GOAL OF THE EXERCISE: As an exercise in exact copying, transcribe the lines below from the one holding "نمایندگی تعمیرات ساید بای ساید زیرووات" through the last, with both ends included and pictures left out.
(DATA EXTRACTS)
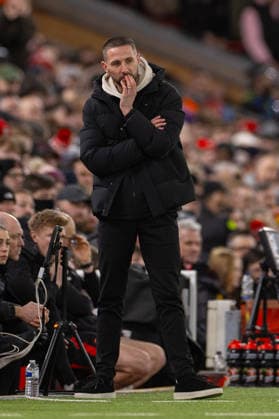 Football - FA Cup - 3rd Round - Liverpool FC v Barnsley FC LIVERPOOL, ENGLAND - Monday, January 12, 2026: Barnsley s head coach Conor Hourihane during the FA Cup 3rd Round match between Liverpool FC and Barnsley FC at Anfield. (Photo by David Rawcliffe Propaganda) LIVERPOOL Anfield MERSEYSIDE ENGLAND  Copyright: xPropagandaxPhotoxAgencyx P2026-01-12-Liverpool_Barnsley-53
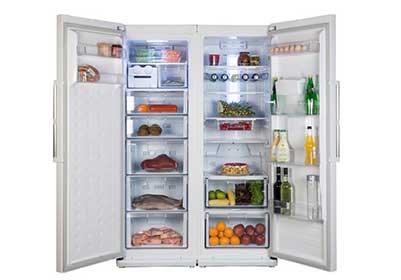 نمایندگی تعمیرات ساید بای ساید زیرووات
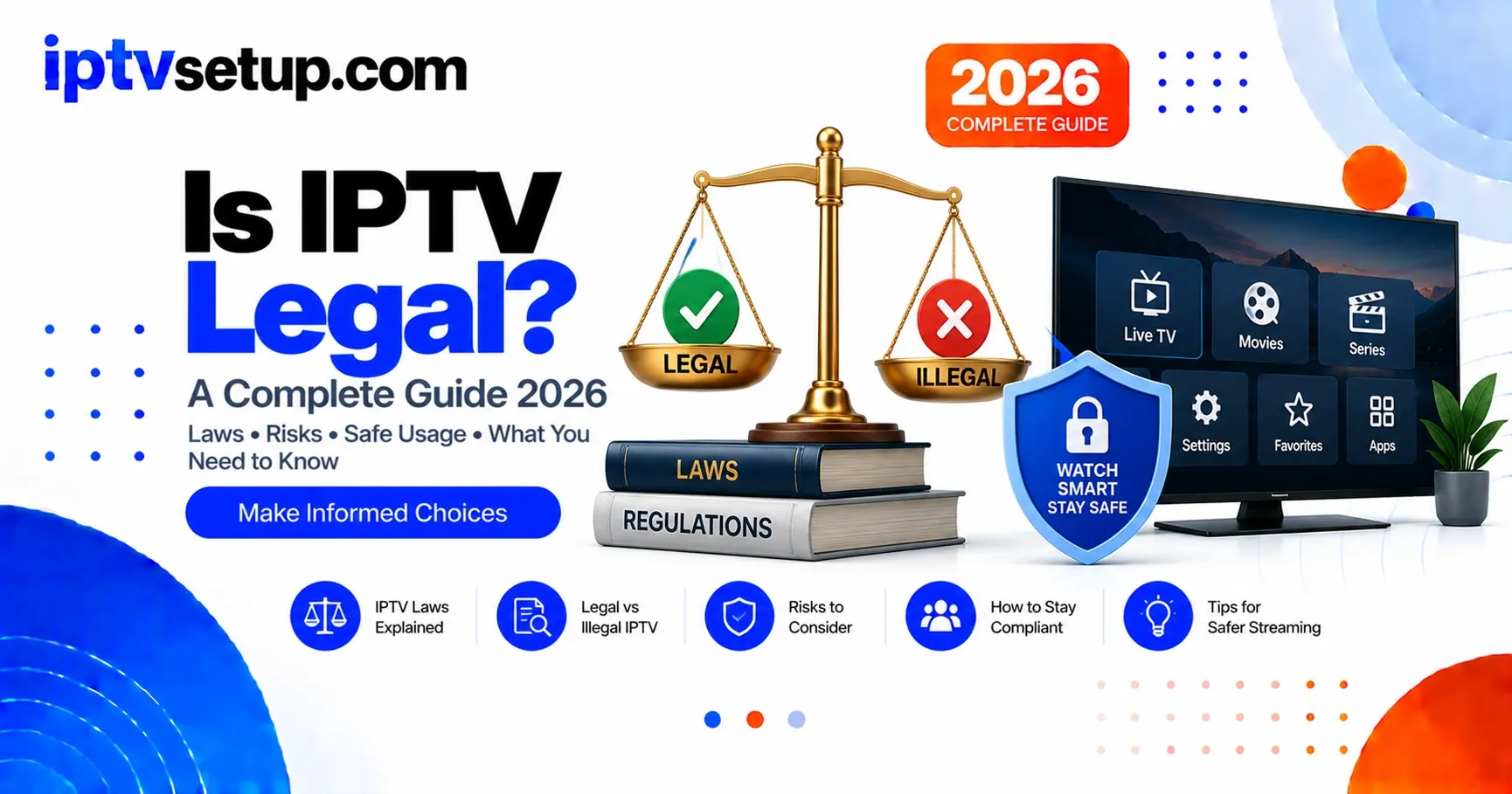 Is IPTV legal guide 2026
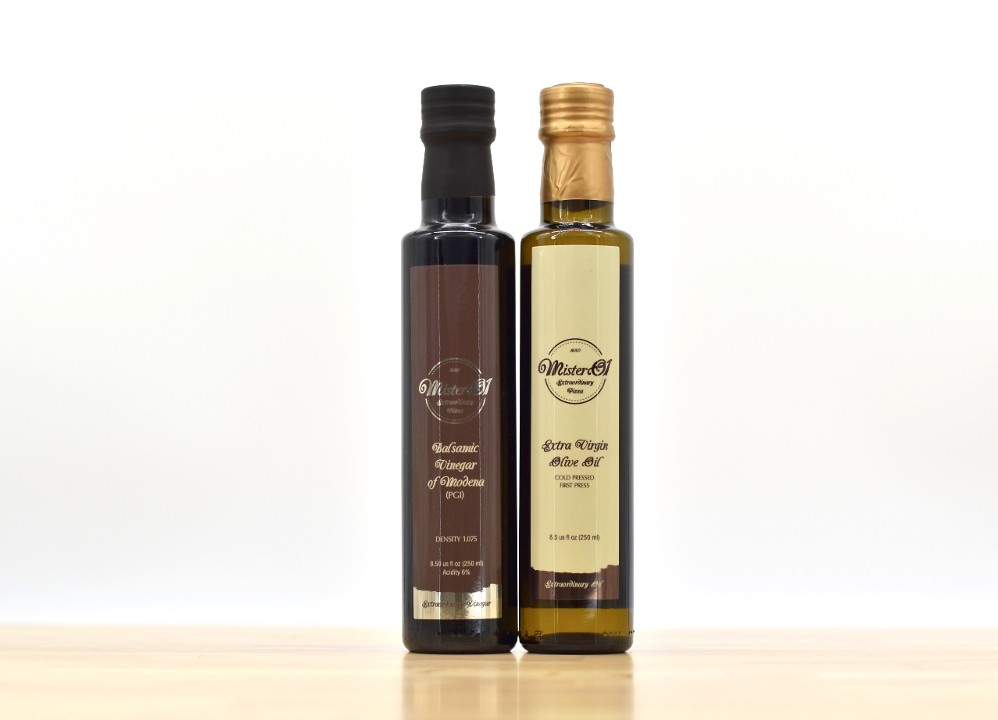 Combo - Extra Virgin Olive Oil & Balsamic Vinegar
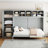 Murphy Bed Wall Bed With Cabinets-107507851
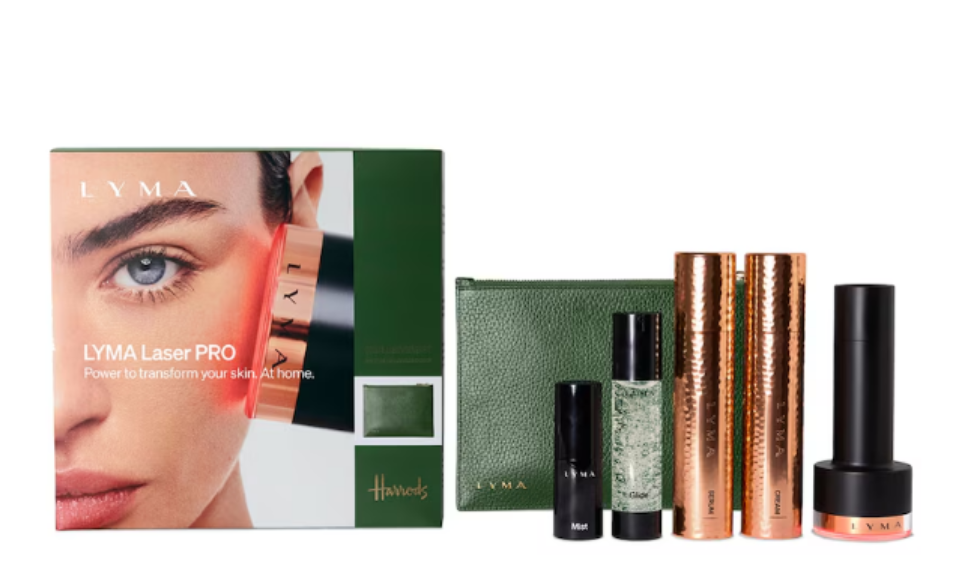 Lyma x Harrods Laser PRO Starter Kit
(End DATA EXTRACTS)
OUTPUT OF THE TASK:
 نمایندگی تعمیرات ساید بای ساید زیرووات
 Is IPTV legal guide 2026
 Combo - Extra Virgin Olive Oil & Balsamic Vinegar
 Murphy Bed Wall Bed With Cabinets-107507851
 Lyma x Harrods Laser PRO Starter Kit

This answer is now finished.